Since LUMA began operations on the island, blackouts have become more frequent, several of them wide-scale, and electric rates have increased seven times.
LUMA will continue to run Puerto Rico’s power grid, despite constant outages, poor service, and high prices.
Gov. Pedro Pierluisi announced on Thursday the extension of the contract of the private US company, which has been in charge of the transmission and distribution of power on the island since June 2021.
The contract extension came amid protests and criticism due to LUMA’s poor service. The day before, hundreds of people gathered at La Fortaleza, the governor’s mansion, to demand that Pierluisi cancel the contract.
The government was faced with the decision after LUMA’s 18-month temporary contract expired on Nov. 30.

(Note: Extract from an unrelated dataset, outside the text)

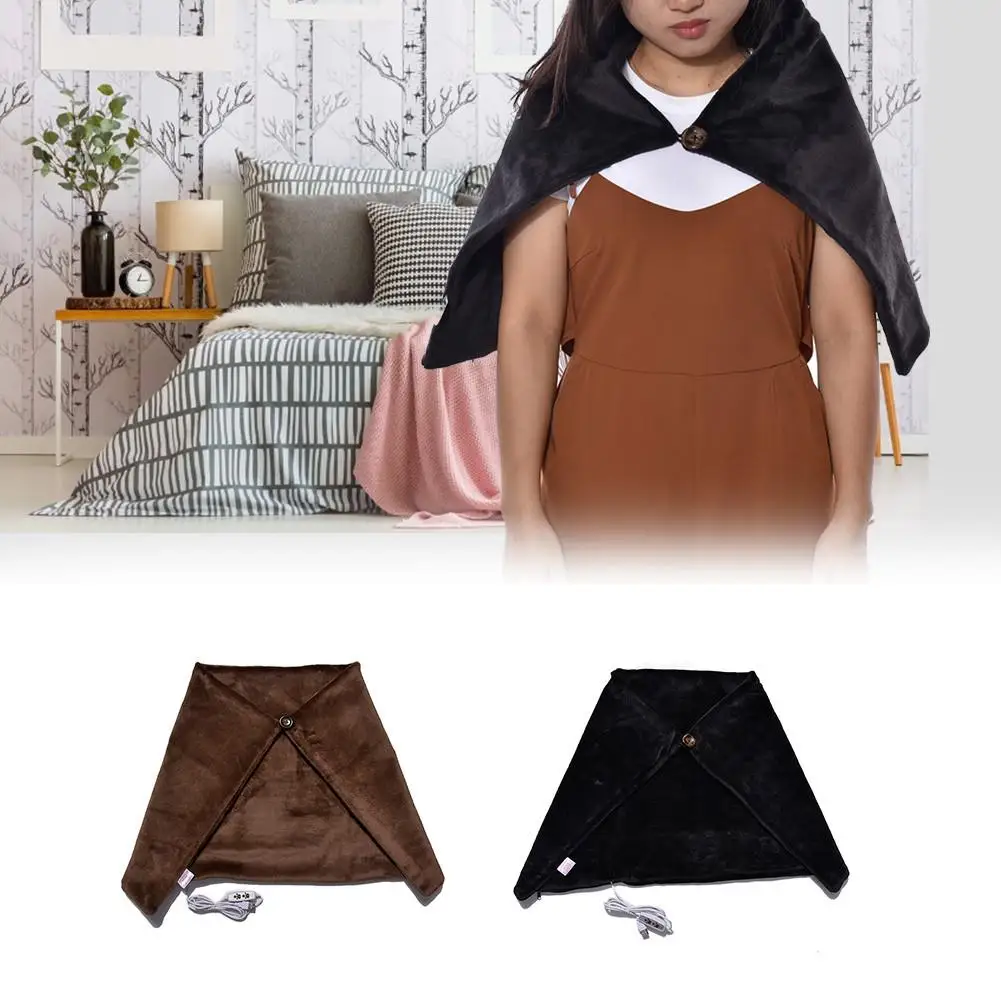 Электрическое одеяло с подогревом для автомобиля и дома 5 В 2 А | Дом сад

LUMA Energy obtained the extension following a 4-1 vote by the Puerto Rico Electric Power Authority’s (PREPA) board. A member representing the public’s interest cast the only dissenting vote.
The contract is a temporary one that will remain in effect until PREPA comes out of bankruptcy. The public company holds some $9 billion in debt, which is the largest debt held by any local government agency.

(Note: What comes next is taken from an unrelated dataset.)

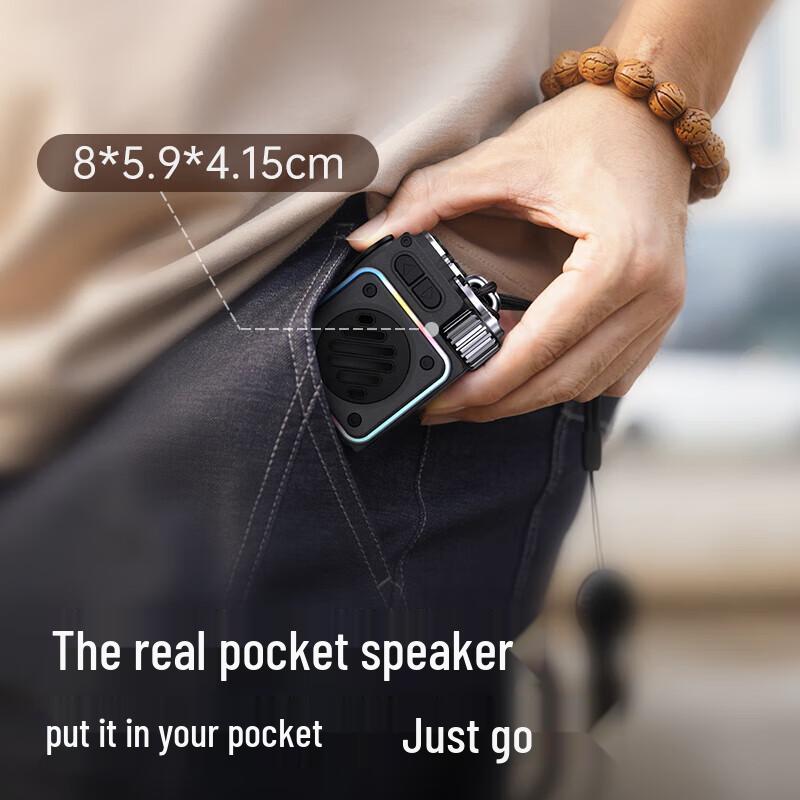 Newmine K5 Portable Bluetooth Speaker CN plug (adapter included) (CN version)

With the contract extension, LUMA will be paid $122 million next year, in addition to the $115 million it has received so far.
The extension will go into effect even though blackouts have become more frequent, several of them wide-scale, and electric rates have increased seven times on the island ever since LUMA took over the power grid.
Pierluisi said on Wednesday, during a press conference, that canceling LUMA’s contract makes no sense right now, because it is already working on projects to rebuild the grid, and that finding a different company would further delay the work.
“We all want the transformation of our electrical system to a modern, resilient one based on renewable energy sources, to be achieved. We all want to expedite the reconstruction and modernization of our electrical network so that we have reliable service. We all want both LUMA and the Electric Power Authority to improve their performance in order to have a more stable electric service. We all want the large-scale solar power projects that are in the pipeline to come to fruition, so that we have enough power generation from renewable sources,” the governor said.
Government officials warned that canceling LUMA’s contract could cost up to $600 million, an amount that the island can’t afford since it just came out of the biggest municipal bankruptcy in US history.